In questa sequenza c’è una risoluzione: da Rex tremèndae maiestàtis a Iesu pie. Questo spostamento di accento mostra che Gesù, giusto giudice, può venire supplicato. Con una audacia incredibile si insinua che ogni destino di dannazione segna una sconfitta dell’opera redentrice di Colui che è morto in croce per salvare gli uomini. Allora: «Recordàre, Iesu pie, quod sum causa tuae viae, ne me perdas illa die (Ricordati, Gesù buono, io sono il motivo del tuo cammino tra noi, non perdermi in quel giorno)». Sei venuto per salvare, vuoi smentire la tua azione, le tue parole? Tu che seduto stanco hai aspettato la peccatrice al pozzo di Giacobbe (cfr. Gv 4,6); tu che ci hai redenti con la croce; fa’ che tanta fatica non sia vana (Quaerens me, sedìsti lassus; redemìsti crucem passus; tantus labor non sit cassus). In questi versi esplode in modo aperto la contraddizione: colui che dovrebbe condannare, in realtà è venuto al mondo per salvare! Questo giudice, ora assiso glorioso, è la stessa persona che un tempo era seduta stanca presso il pozzo in attesa della Samaritana. Tutti noi che attendiamo di essere giudicati – secondo l’autore di questa preghiera – ci identifichiamo con la peccatrice perdonata. Un vertice del canto del Dies Irae si manifesta nel presentare il Signore stanco; è seduto e sfinito colui che è venuto a cercarci. C’è un richiamo al pastore che corre nella valle, sui monti, a cercare l’unica pecora (cfr. Lc 15,11-32). Sembra anche la figura del Padre misericordioso della parabola (cfr. Lc 15,11-32) che può soltanto attendere il figlio prodigo. Non gli ha impedito di andarsene da casa, non lo va ad acchiappare nelle discoteche del tempo, può solo aspettare: il giudice è paziente! Lui che ora è nella gloria – il Cristo – non può dimenticare la stanchezza da lui patita e non può vedere annullato lo scopo della sua prima venuta nel mondo. Allora il canto lo supplica così, con un imperativo: «Recordàre, Iesu pie (Ricordati, Gesù buono)»!
Il Dies Irae, questa grande preghiera, sotto la sua severa veste di definitività e di tremante convocazione di tutti di fronte al trono, lascia trasparire la convinzione che la condanna toccherebbe direttamente l’animo del Risorto. Non è imperturbabile.
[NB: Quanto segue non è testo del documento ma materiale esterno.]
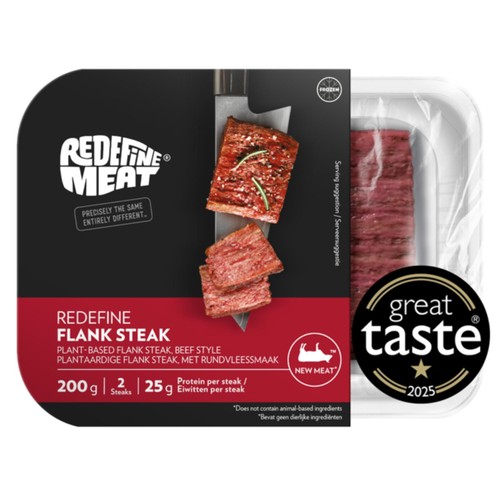 Redefine Meat Plant Based Flank Steak, 2 x 100g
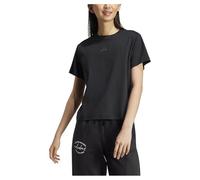 adidas Mujer Signature Graphic Print T-Shirt, Black, L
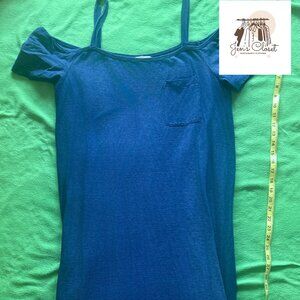 Anthropologie Cloth and Stone Blue T-Shirt Dress (large)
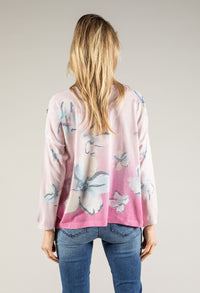 Diamante Floral Knit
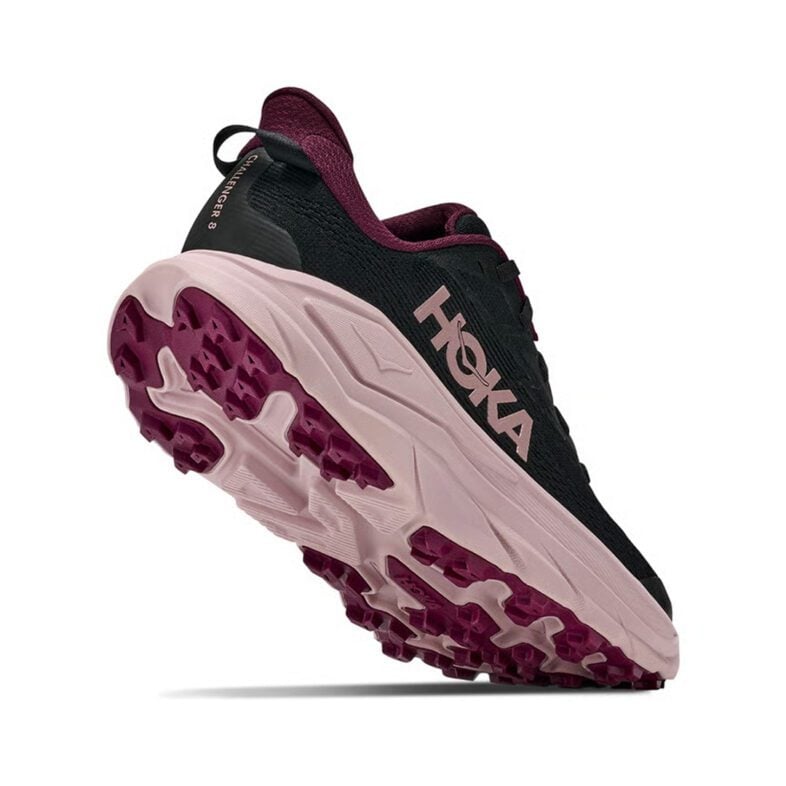 Hoka Challenger 8 Mujer Black / Pink - Imagen 4
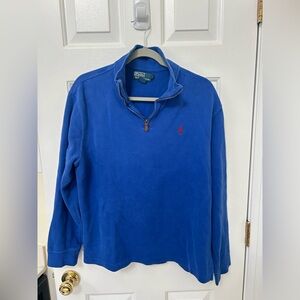 Blue Ralph Lauren Quarter-Zip Polo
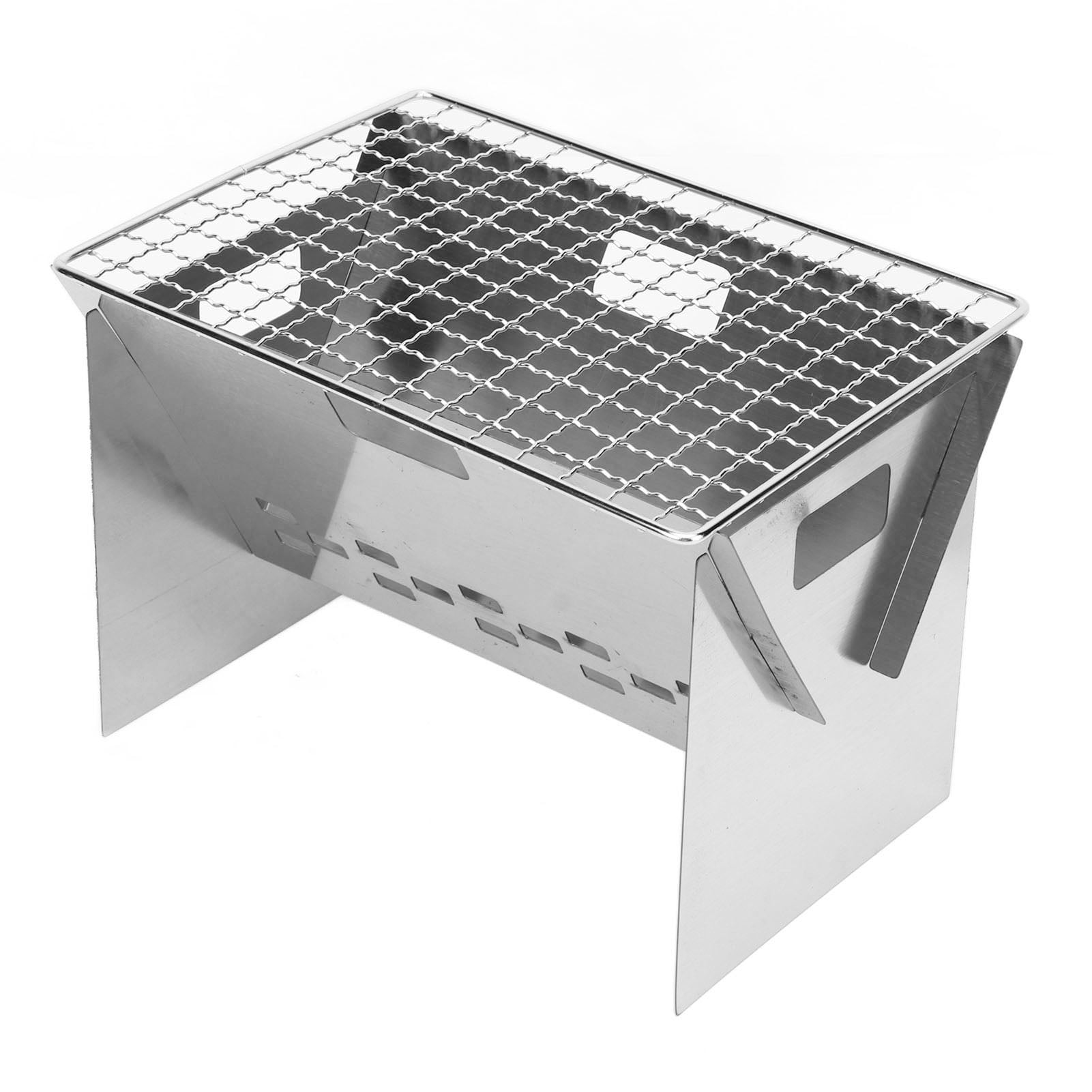 Outdoor Folding BBQ Grill, Folding Charcoal BBQ Grill Stable Structure With Storage Bag For Backyard Party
Il Giudice terribile può essere supplicato facendogli intravvedere che la condanna comprometterebbe l’immensa fatica che ha compiuta (Tantus labor non sit cassus).
La sequenza che inizia chiamando in causa il giorno dell’ira, dies ìrae, dìes ìlla, termina evocando un tempo contraddistinto da tutt’altro clima: «Lacrimòsa dies illa»: è giorno di lacrime, giorno del pianto… solo per i dannati? No. L’autore sembra alludere misticamente alle lacrime del Signore. È indubbio che questa preghiera domanda misericordia, anche per il “reo”, anche per colui che canta questo inno, che è bisognoso di misericordia in prima persona: «Voca me cum benedìctis: salva me con tutti i benedetti, i beati del Cielo». Tutto il canto vibra di sincerità. La nostra fede dice che la dannazione è un esito possibile. Un grande teologo, Urs von Balthasar, diceva che l’inferno c’è, ma è vuoto: una sua opinione… Chi può dirsi capace di conquistare la grazia con le sue forze? Qui sembra superata la tensione fra giustizia e misericordia: vince la misericordia! Evviva la misericordia del Signore.